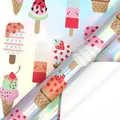 Hochwertiges holografisches Geschenkpapier mit süßen Erdbeer- und Eiscreme-Mustern - Regenbogen Eis am Stiel / 3m Rolle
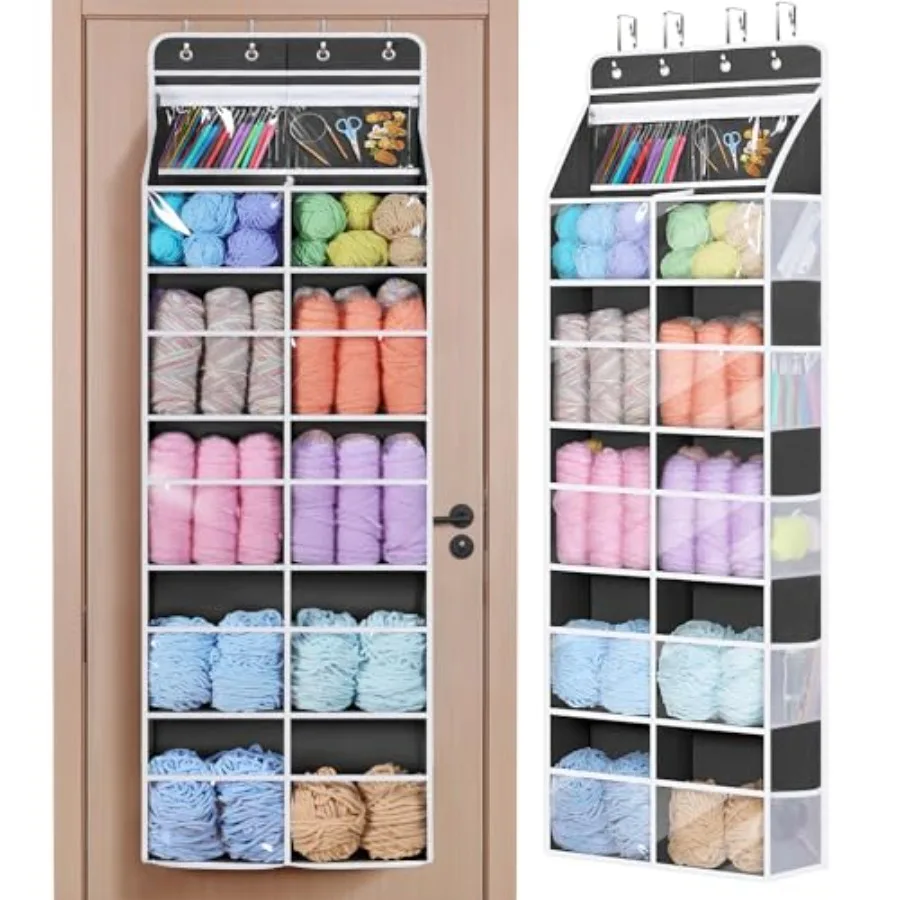 6 Tiers Hanging Yarn Storage Organizer Large Knitting Organizer with 12 Deep Clear Pockets and 10 Mesh Side Pockets Over The Do
6 Tiers Hanging Yarn Storage Organizer Large Knitting Organizer with 12 Deep Clear Pockets and 10 Mesh Side Pockets Over The Do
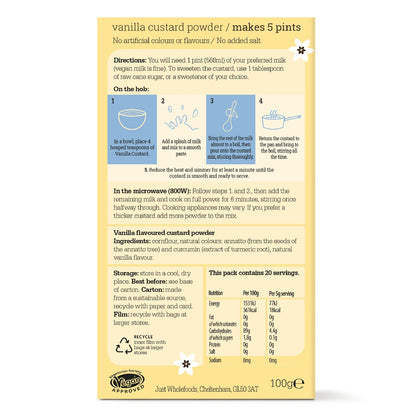 Just Wholefoods - Vanilla Custard Powder 100g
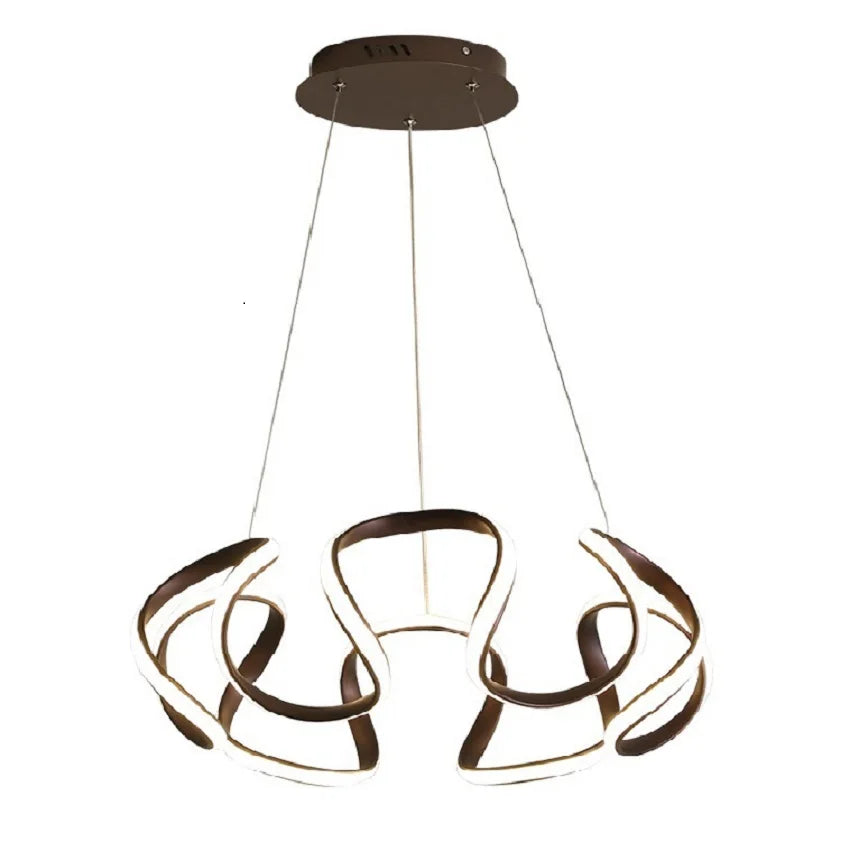 Afralia™ Nordic Twisted LED Chandelier Ceiling Lamp Modern Pendant Light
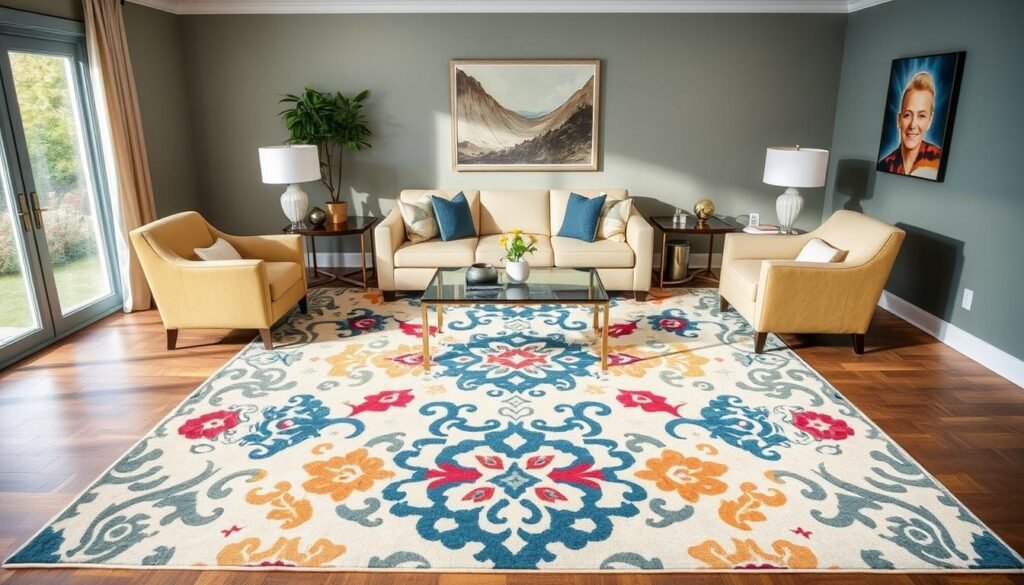 Living room with a bold, patterned area rug anchoring the furniture arrangement Living room with a bold, patterned area rug anchoring the furniture arrangement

## [Work task]
The expected output is exactly the lines from the one containing "Just Wholefoods - Vanilla" through the last line of the listing, both included, with every picture left out.

## [Response to the task]
 Just Wholefoods - Vanilla Custard Powder 100g
 Afralia™ Nordic Twisted LED Chandelier Ceiling Lamp Modern Pendant Light
 Living room with a bold, patterned area rug anchoring the furniture arrangement Living room with a bold, patterned area rug anchoring the furniture arrangement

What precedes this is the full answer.